Let $(G, \cdot)$ be a group and $M$ a set. A group action is a function:
$G \circ M \rightarrow M$
that satisfies the following two conditions
- Identity: $\forall m \in M: e_G \circ m = m$
- Associativity: $\forall g, h \in G, m \in M: (g \cdot h) \circ m= g \circ (h \circ m)$
Let $m \in M$. Then $G_m := \{g \in G | g \circ m = m\}$ is called the stabilizer of $m$.
Theorem: \(G_m\) is a group
Proof:
Let \(m \in M\).
\(\stackrel{identity}{\Rightarrow}e_G \in G_m\)

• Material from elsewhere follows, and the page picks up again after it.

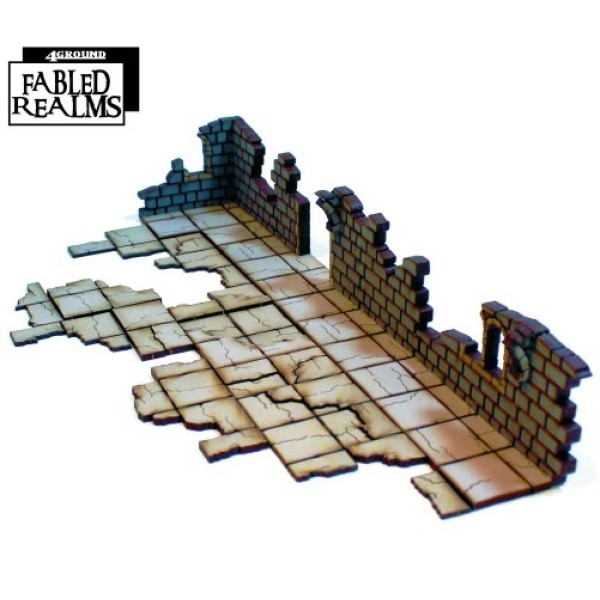 4Ground Pre-Painted Terrain - Fabled realms - Corner Ruins 1: with ruined Doorway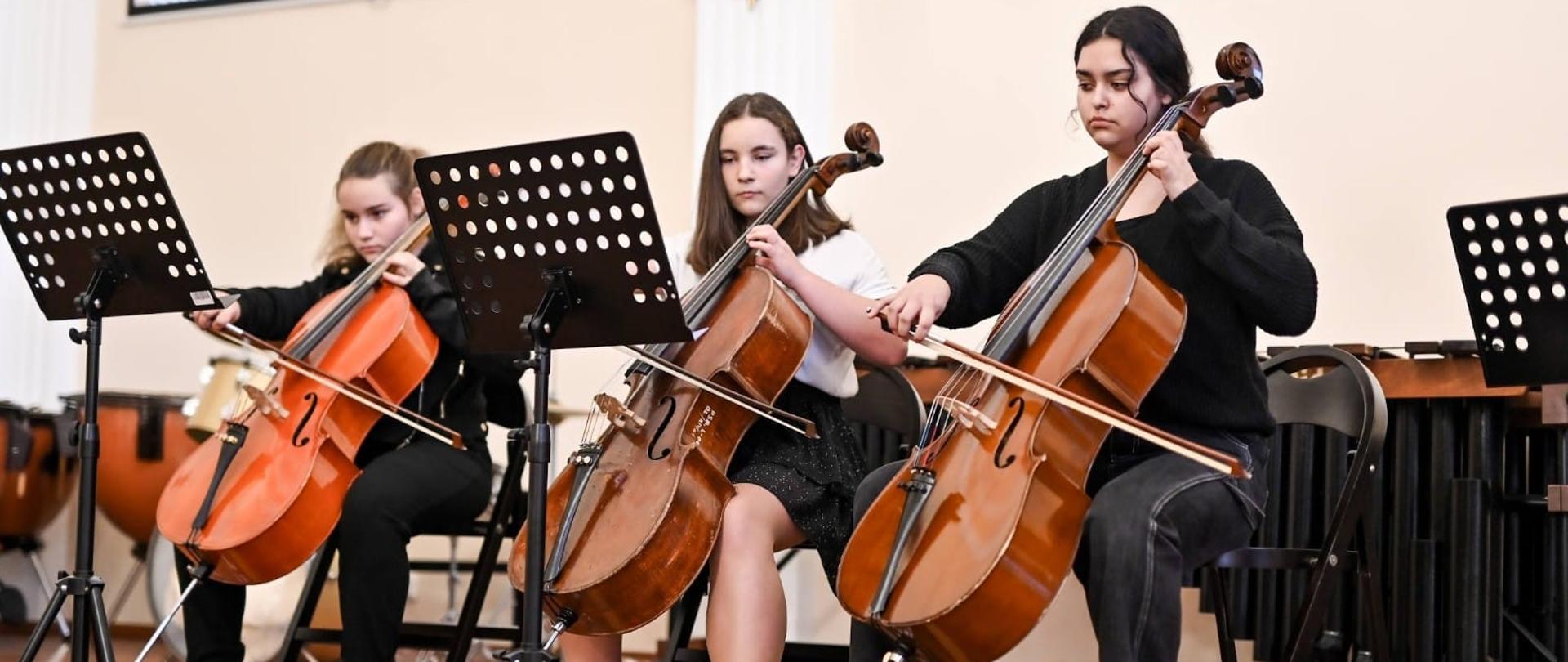 Zdjęcie przedstawia trzy osoby grające na wiolączelach znajdujące się w sali koncertowej PSM w Lublińcu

Let \(a \in G_m\). This means, that \(a \circ m = m\). And \(\exists a^{-1} \in G\), as \(G\) is a group. \(a^{-1} \cdot a = e_G\), this means \((a^{-1} \cdot a) \circ m = m\). \(\stackrel{associativity}{\Rightarrow}a^{-1} \circ (a \circ m) = m \Leftrightarrow a^{-1} \circ m = m \Leftrightarrow a^{-1} \in G_m\)
Let \(a, b \in G_m\). Then: \(a \circ m = m\) and \(b \circ m = m\)
\(\Rightarrow a \circ (b \circ m) = m\) \(\stackrel{associativity}{\Rightarrow} (a \cdot b) \circ m = m \Leftrightarrow (a \cdot b) \in G_m \blacksquare\)